TASK INPUT:
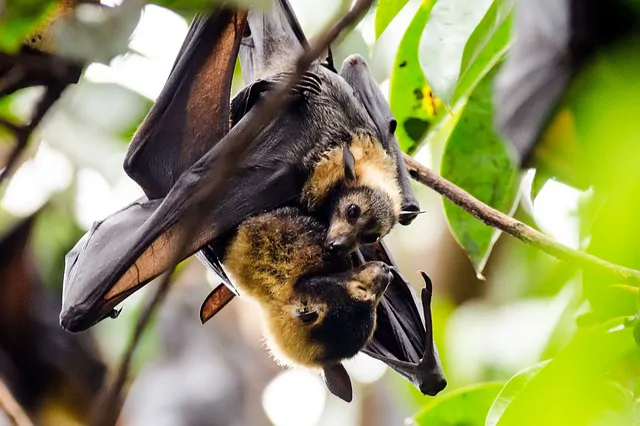 Six nouveaux coronavirus découverts chez la chauve-souris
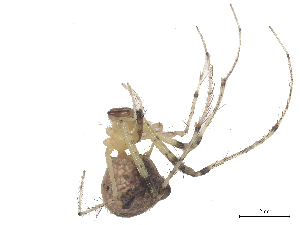  ( - CBG-B16163-G11)  @11 [ ] CreativeCommons - Attribution Share - Alike (2025) CBG Photography Group Centre for Biodiversity Genomics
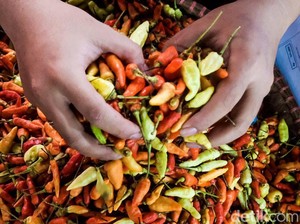 Viral Harga Cabai Rawit Tembus Rp 450.000/Kg, Pedagang Ungkap di Daerah Ini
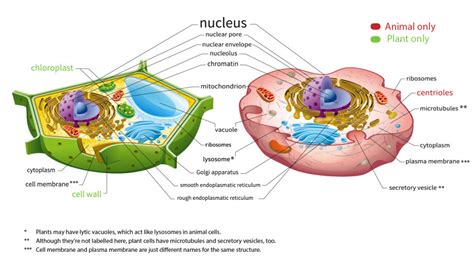 Makes lipids (fats) and breaks down toxic materials. Here's How Plant and Animal Cells Are Different ...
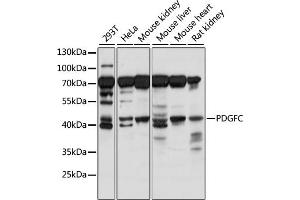 Western blot analysis of extracts of various cell lines, using PDGFC antibody (ABIN7269403) at 1:1000 dilution. (PDGFC Antikörper  (AA 166-345))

PROBLEM TO SOLVE: With the pictures removed, set down every line of the listing above exactly.

WRITTEN RESPONSE:
 Six nouveaux coronavirus découverts chez la chauve-souris
  ( - CBG-B16163-G11)  @11 [ ] CreativeCommons - Attribution Share - Alike (2025) CBG Photography Group Centre for Biodiversity Genomics
 Viral Harga Cabai Rawit Tembus Rp 450.000/Kg, Pedagang Ungkap di Daerah Ini
 Makes lipids (fats) and breaks down toxic materials. Here's How Plant and Animal Cells Are Different ...
 Western blot analysis of extracts of various cell lines, using PDGFC antibody (ABIN7269403) at 1:1000 dilution. (PDGFC Antikörper  (AA 166-345))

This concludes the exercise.